■ ACTIVITY ■
Go to the line that contains "Single Family Craigville" in the listing below, then output it and every line after it exactly, omitting pictures.

■ INPUT RECORDS ■
***
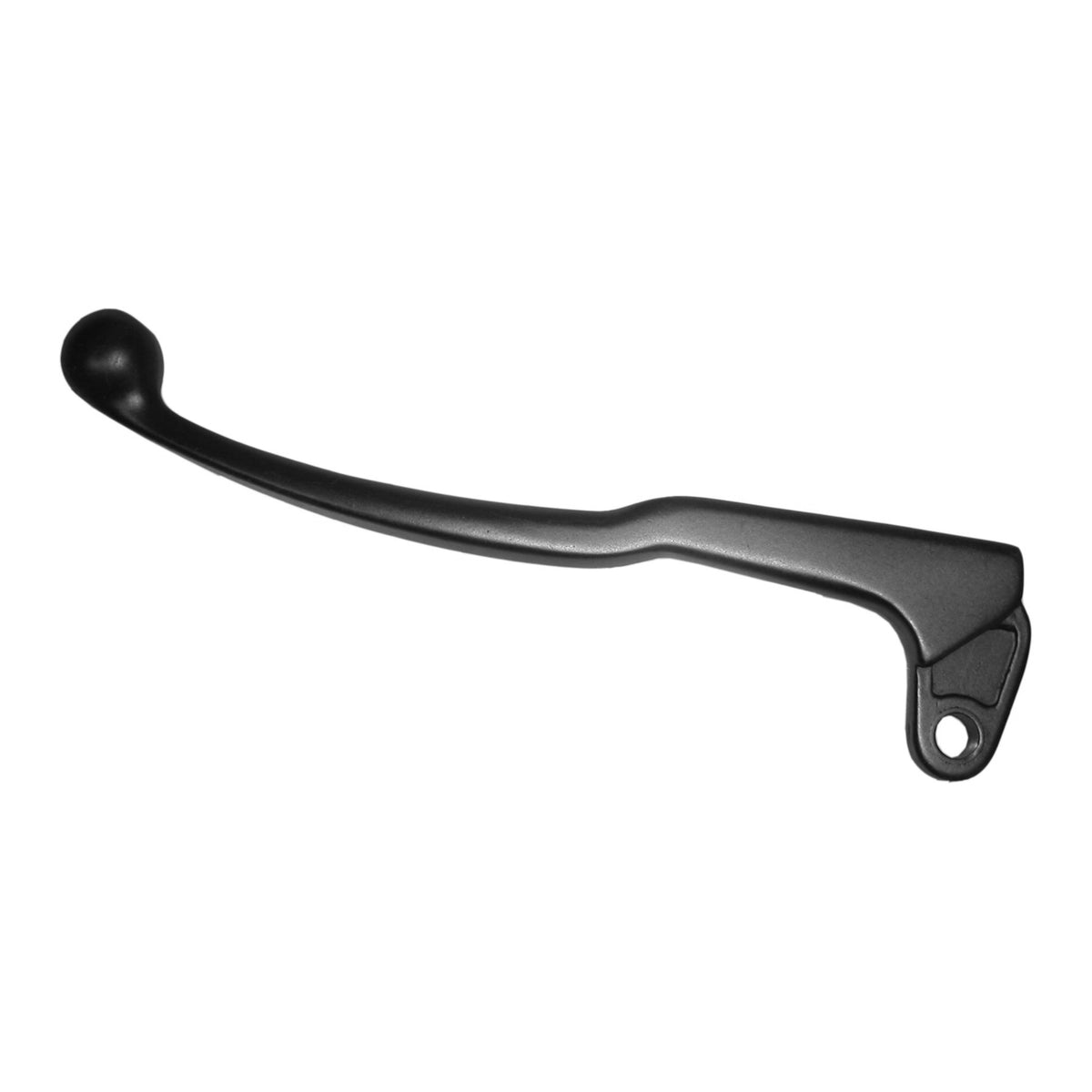 Lever Clutch Black 49101 07-3513C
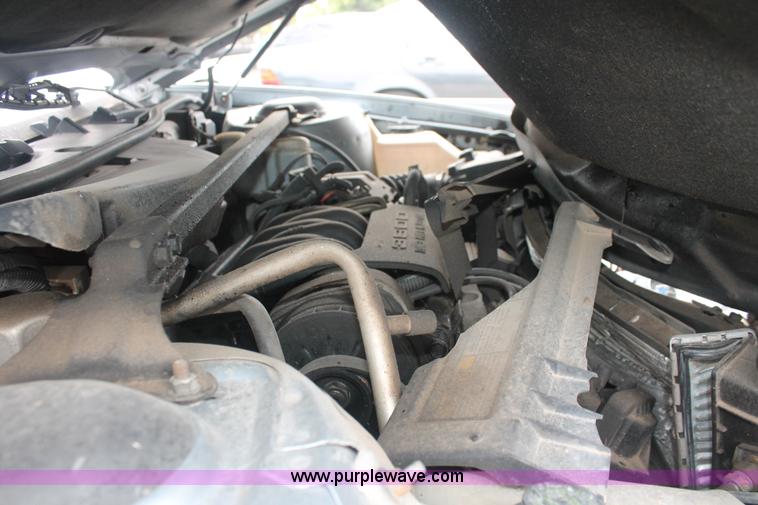 image for item H4246 1995 Buick LeSabre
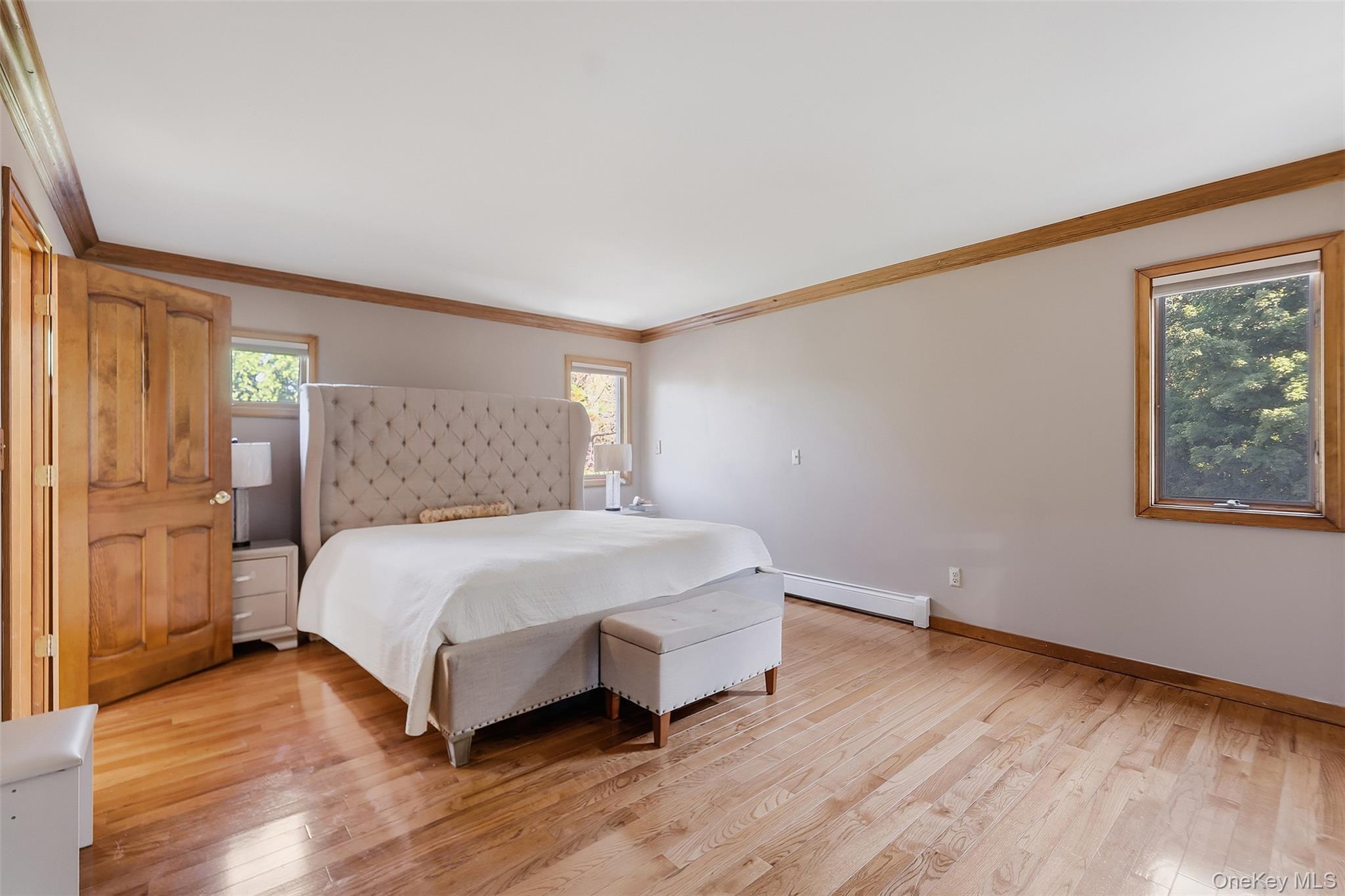 Single Family Craigville Road Orange County, NY 10918, MLS-1020165-19
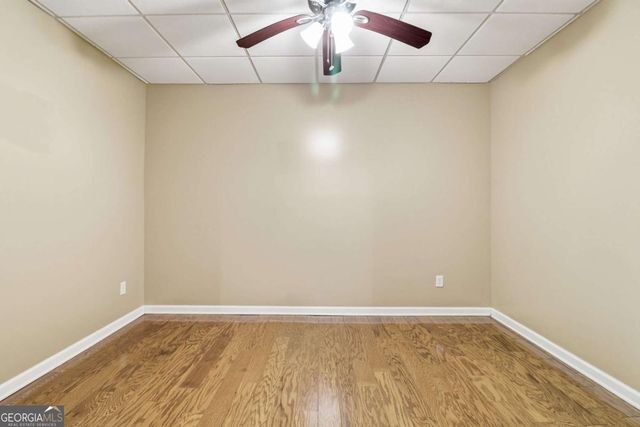 203 Peblebrooke Walk, Canton, GA 30115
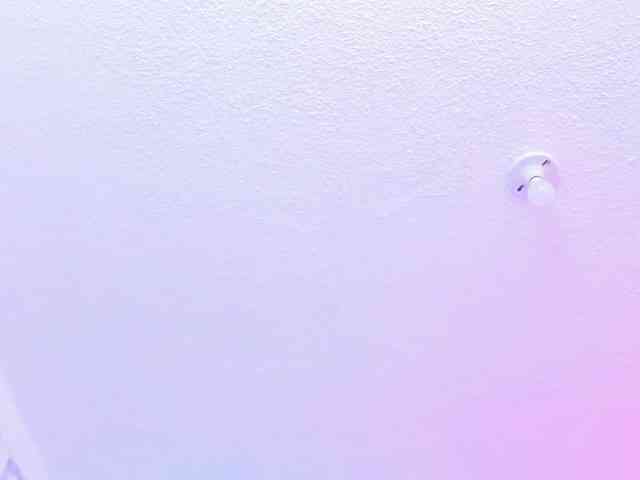 Saamii-robertss01 webcam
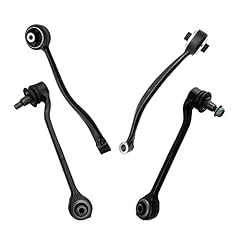 Trq front lower for sale  Delivered anywhere in USA 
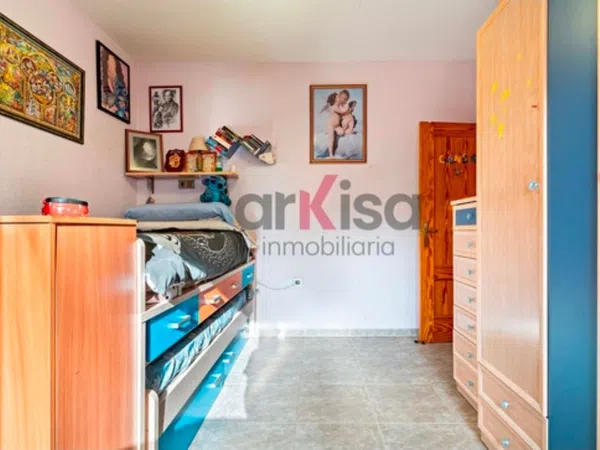 Chalet pareado en Calle Juan de la Cierva, 6 - Foto 20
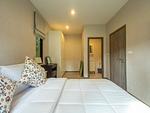 NAY5703: 1 Bedroom Apartment within 5 minutes walk to the Nai Yang beach. Thumbnail #10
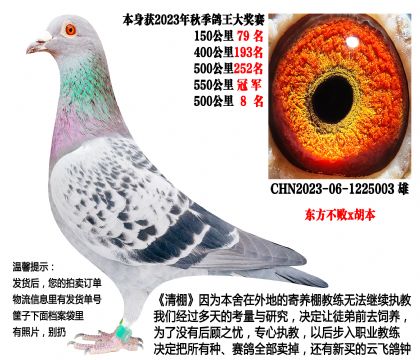 23���＾�Ĺسɼ��룬550����ھ�����������x������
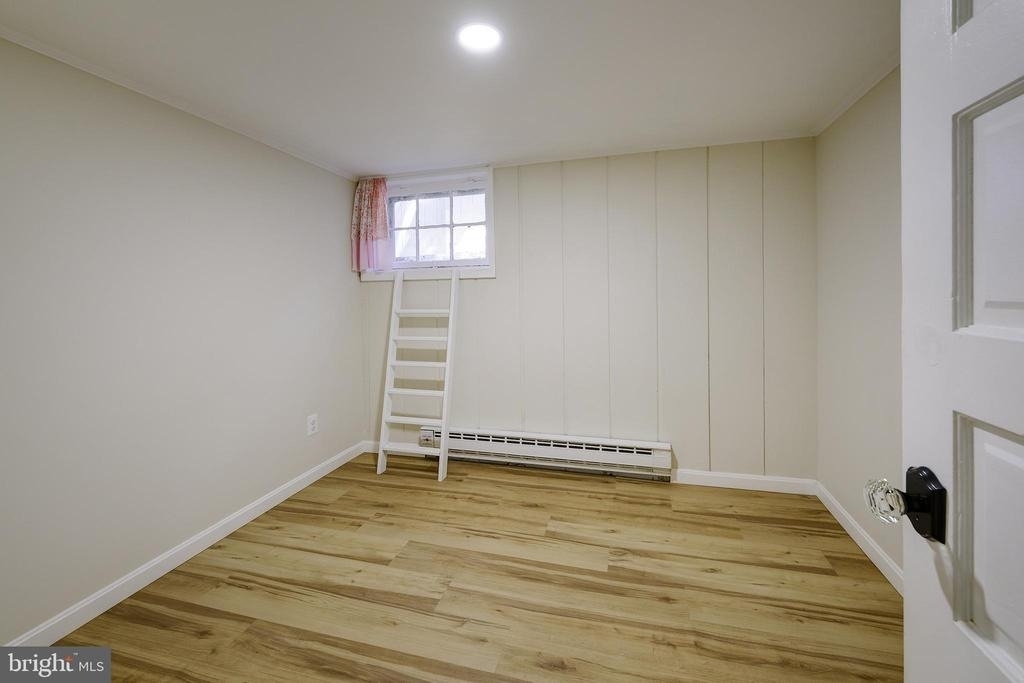 3712 Garfield Street Nw - Photo 48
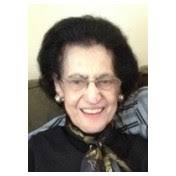 Search Gloria Baird Obituaries and Funeral Services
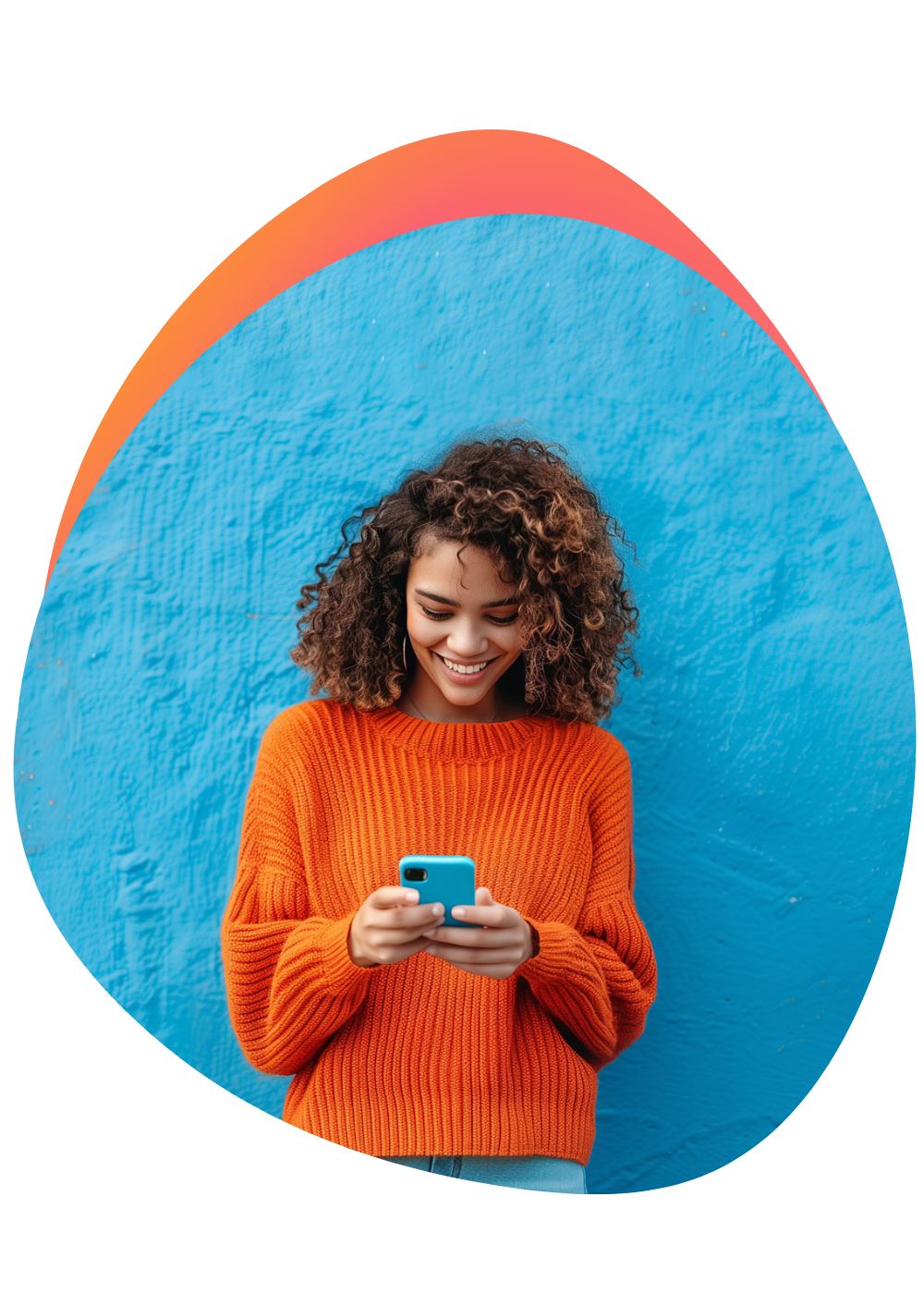 Virtual Reception Services for Health Care Practices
***
■ REPLY TO THE TASK ■
 Single Family Craigville Road Orange County, NY 10918, MLS-1020165-19
 203 Peblebrooke Walk, Canton, GA 30115
 Saamii-robertss01 webcam
 Trq front lower for sale  Delivered anywhere in USA 
 Chalet pareado en Calle Juan de la Cierva, 6 - Foto 20
 NAY5703: 1 Bedroom Apartment within 5 minutes walk to the Nai Yang beach. Thumbnail #10
 23���＾�Ĺسɼ��룬550����ھ�����������x������
 3712 Garfield Street Nw - Photo 48
 Search Gloria Baird Obituaries and Funeral Services
 Virtual Reception Services for Health Care Practices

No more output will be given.